The dwmac4_wrback_get_rx_timestamp_status() is called by stmmac_rx()
function which is scheduled by NAPI framework.
Do we still need to create deferred work inside NAPI work?
Would you mind to explain it more in detail?
>
> > } while ((ret == 1) && (i < 10));
> >
> > if (i == 10)
> > --
> > 2.25.1
> >
>
> Thanks,
> Richard
Thanks,
Tee Min
On Wed, Apr 13, 2022 at 12:01:15PM +0800, Tan Tee Min wrote:
> diff --git a/drivers/net/ethernet/stmicro/stmmac/dwmac4_descs.c b/drivers/net/ethernet/stmicro/stmmac/dwmac4_descs.c
> index d3b4765c1a5b..289bf26a6105 100644
> --- a/drivers/net/ethernet/stmicro/stmmac/dwmac4_descs.c
> +++ b/drivers/net/ethernet/stmicro/stmmac/dwmac4_descs.c
> @@ -279,10 +279,11 @@ static int dwmac4_wrback_get_rx_timestamp_status(void *desc, void *next_desc,
> /* Check if timestamp is OK from context descriptor */
> do {
> ret = dwmac4_rx_check_timestamp(next_desc);
> - if (ret < 0)
> + if (ret <= 0)
> goto exit;
> i++;
>
> + fsleep(1);
This is nutty. Why isn't this code using proper deferral mechanisms
like work or kthread?
> } while ((ret == 1) && (i < 10));
>
> if (i == 10)
> --
> 2.25.1
>
Thanks,
Richard
On Thu, 14 Apr 2022 15:29:34 +0800 Tan Tee Min wrote:
> > > --- a/drivers/net/ethernet/stmicro/stmmac/dwmac4_descs.c
> > > +++ b/drivers/net/ethernet/stmicro/stmmac/dwmac4_descs.c
> > > @@ -279,10 +279,11 @@ static int dwmac4_wrback_get_rx_timestamp_status(void *desc, void *next_desc,
> > > /* Check if timestamp is OK from context descriptor */
> > > do {
> > > ret = dwmac4_rx_check_timestamp(next_desc);
> > > - if (ret < 0)
> > > + if (ret <= 0)
> > > goto exit;
> > > i++;
> > >
> > > + fsleep(1);
> >
> > This is nutty. Why isn't this code using proper deferral mechanisms
> > like work or kthread?
>
> Appreciate your comment.
> The dwmac4_wrback_get_rx_timestamp_status() is called by stmmac_rx()
> function which is scheduled by NAPI framework.
> Do we still need to create deferred work inside NAPI work?
> Would you mind to explain it more in detail?
fsleep() is a big hammer, can you try cpu_relax() and bumping the max
loop count a little?
On Thu, Apr 14, 2022 at 10:42:59AM +0200, Jakub Kicinski wrote:
> On Thu, 14 Apr 2022 15:29:34 +0800 Tan Tee Min wrote:
> > > > --- a/drivers/net/ethernet/stmicro/stmmac/dwmac4_descs.c
> > > > +++ b/drivers/net/ethernet/stmicro/stmmac/dwmac4_descs.c
> > > > @@ -279,10 +279,11 @@ static int dwmac4_wrback_get_rx_timestamp_status(void *desc, void *next_desc,
> > > > /* Check if timestamp is OK from context descriptor */
> > > > do {
> > > > ret = dwmac4_rx_check_timestamp(next_desc);
> > > > - if (ret < 0)
> > > > + if (ret <= 0)
> > > > goto exit;
> > > > i++;
> > > >
> > > > + fsleep(1);
> > >
> > > This is nutty.

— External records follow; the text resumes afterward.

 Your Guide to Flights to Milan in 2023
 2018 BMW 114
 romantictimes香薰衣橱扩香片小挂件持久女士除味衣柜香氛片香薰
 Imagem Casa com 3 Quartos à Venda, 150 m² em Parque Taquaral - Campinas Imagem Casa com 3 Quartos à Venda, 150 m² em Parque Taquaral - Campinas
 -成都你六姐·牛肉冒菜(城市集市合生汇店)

Why isn't this code using proper deferral mechanisms
> > > like work or kthread?
> >
> > Appreciate your comment.
> > The dwmac4_wrback_get_rx_timestamp_status() is called by stmmac_rx()
> > function which is scheduled by NAPI framework.

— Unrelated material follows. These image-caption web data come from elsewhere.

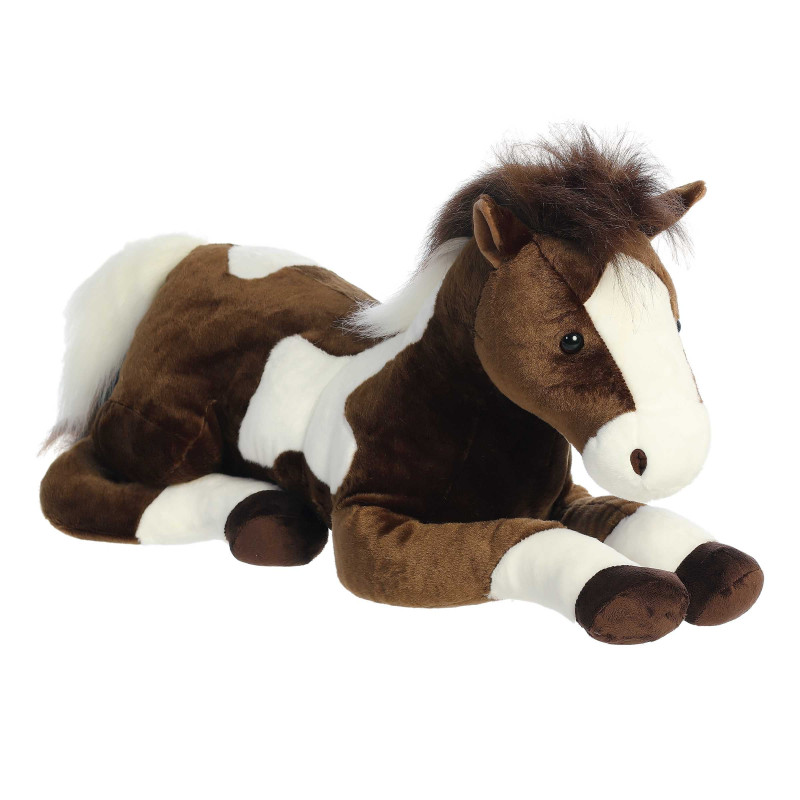 Paint Horse 27 inch Plush - Same Day Delivery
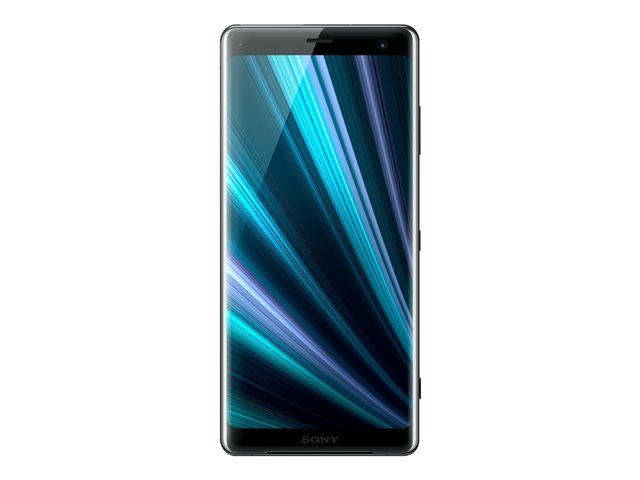 Sony XPERIA XZ3 64GB - Black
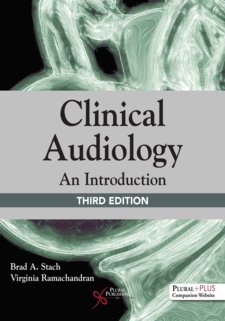 Clinical Audiology: An Introduction Cover Image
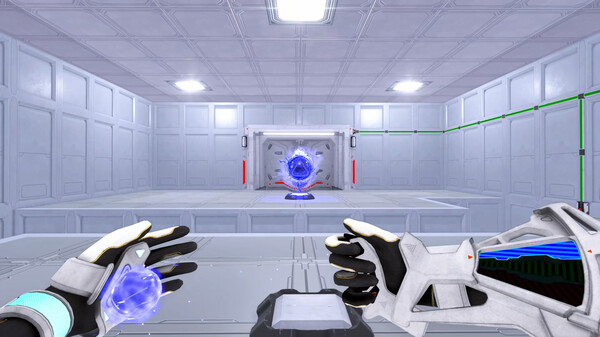 Leap of Phase: Samantha screenshot 6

> > Do we still need to create deferred work inside NAPI work?
> > Would you mind to explain it more in detail?
>
> fsleep() is a big hammer, can you try cpu_relax() and bumping the max
> loop count a little?
Thanks for the suggestion!
I tried cpu_relax(), unfortunately the issue still happens when
the system is in a high-load situation.
I agree that the fsleep(1) (=1us) is a big hammer.
Thus in order to improve this, I’ve figured out a smaller delay
time that is enough for the context descriptor to be ready which
is ndelay(500) (=500ns).
Would you think this is more acceptable?
On Tue, Apr 19, 2022 at 08:52:20AM +0800, Tan Tee Min wrote:
> I agree that the fsleep(1) (=1us) is a big hammer.
> Thus in order to improve this, I’ve figured out a smaller delay
> time that is enough for the context descriptor to be ready which
> is ndelay(500) (=500ns).
Why isn't the context descriptor ready?
I mean, the frame already belongs to the CPU, right?
Thanks,
Richard
On Tue, Apr 19, 2022 at 06:28:53AM -0700, Richard Cochran wrote:
> On Tue, Apr 19, 2022 at 08:52:20AM +0800, Tan Tee Min wrote:
>
> > I agree that the fsleep(1) (=1us) is a big hammer.
> > Thus in order to improve this, I’ve figured out a smaller delay
> > time that is enough for the context descriptor to be ready which
> > is ndelay(500) (=500ns).
>
> Why isn't the context descriptor ready?
>
> I mean, the frame already belongs to the CPU, right?
No. The context descriptor (frame) is possibly still owned by the
DMA controller in this situation.
This is why a looping in the original code to wait for the descriptor
to be owned by the application CPU. However, when NAPI is busy polling,
the context descriptor might be still owned by the DMA controller even
after the looping.
Thus, we are adding an additional nanosecond delay inside the loop,
so that the DMA controller can get a short moment to breathe and
complete the context descriptor.
Thanks,
Tee Min
>
> Thanks,
> Richard
On Wed, Apr 20, 2022 at 01:15:08PM +0800, Tan Tee Min wrote:
> No. The context descriptor (frame) is possibly still owned by the
> DMA controller in this situation.
So that is a problem. The solution is to postpone this logic until
the driver owns the buffer. Doesn't the HW offer some means of
notification, like an interrupt for example?
Thanks,
Richard